I've had Chinese colleagues who, when asked to write a word they'd just used in a sentence, were simply unable to. At first I thought they were playing a joke on me. But nope, they'd just forgotten the appropriate hanzi, and they couldn't even hazard a guess. It's a totally different failure mode than imperfectly-phonetic languages like English.
> I was once at a luncheon with three Ph.D. students in the Chinese Department at Peking University, all native Chinese (one from Hong Kong). I happened to have a cold that day, and was trying to write a brief note to a friend canceling an appointment that day. I found that I couldn't remember how to write the character 嚔, as in da penti 打喷嚔 "to sneeze". I asked my three friends how to write the character, and to my surprise, all three of them simply shrugged in sheepish embarrassment. Not one of them could correctly produce the character. Now, Peking University is usually considered the "Harvard of China". Can you imagine three Ph.D. students in English at Harvard forgetting how to write the English word "sneeze"?? Yet this state of affairs is by no means uncommon in China. English is simply orders of magnitude easier to write and remember. No matter how low-frequency the word is, or how unorthodox the spelling, the English speaker can always come up with something, simply because there has to be some correspondence between sound and spelling.

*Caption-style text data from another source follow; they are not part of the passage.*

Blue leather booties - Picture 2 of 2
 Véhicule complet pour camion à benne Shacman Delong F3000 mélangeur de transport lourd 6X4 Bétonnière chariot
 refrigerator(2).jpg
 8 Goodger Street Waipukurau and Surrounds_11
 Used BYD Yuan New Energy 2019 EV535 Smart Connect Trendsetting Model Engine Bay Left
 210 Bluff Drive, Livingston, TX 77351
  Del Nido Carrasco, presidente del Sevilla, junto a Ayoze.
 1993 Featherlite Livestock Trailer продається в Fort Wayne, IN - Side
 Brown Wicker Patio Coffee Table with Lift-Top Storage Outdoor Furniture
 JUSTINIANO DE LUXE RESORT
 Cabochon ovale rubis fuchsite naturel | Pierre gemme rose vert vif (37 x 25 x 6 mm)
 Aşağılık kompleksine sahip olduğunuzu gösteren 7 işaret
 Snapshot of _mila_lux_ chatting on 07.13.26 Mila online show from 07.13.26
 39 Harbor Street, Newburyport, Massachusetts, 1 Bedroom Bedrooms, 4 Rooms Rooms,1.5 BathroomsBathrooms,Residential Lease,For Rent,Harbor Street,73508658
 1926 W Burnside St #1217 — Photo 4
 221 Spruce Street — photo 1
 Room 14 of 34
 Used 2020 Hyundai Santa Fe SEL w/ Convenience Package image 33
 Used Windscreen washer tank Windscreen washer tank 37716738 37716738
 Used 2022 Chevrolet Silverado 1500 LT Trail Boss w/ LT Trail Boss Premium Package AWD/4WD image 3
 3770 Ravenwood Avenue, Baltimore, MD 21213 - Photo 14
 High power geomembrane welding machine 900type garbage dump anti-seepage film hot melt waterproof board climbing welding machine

To be fair, you can also "come up with something" in Chinese. Since there aren't all that many sounds, you can write in generic characters for the sound of the word that you can't remember.
Yep. The analogy I use is, it's a bit like if someone walked up and asked you to draw the logo of this or that company. Even if you've seen the logo a million times, you might not be able to summon up a mental picture of it, or you might remember the rough shape but have no idea how many lines go where.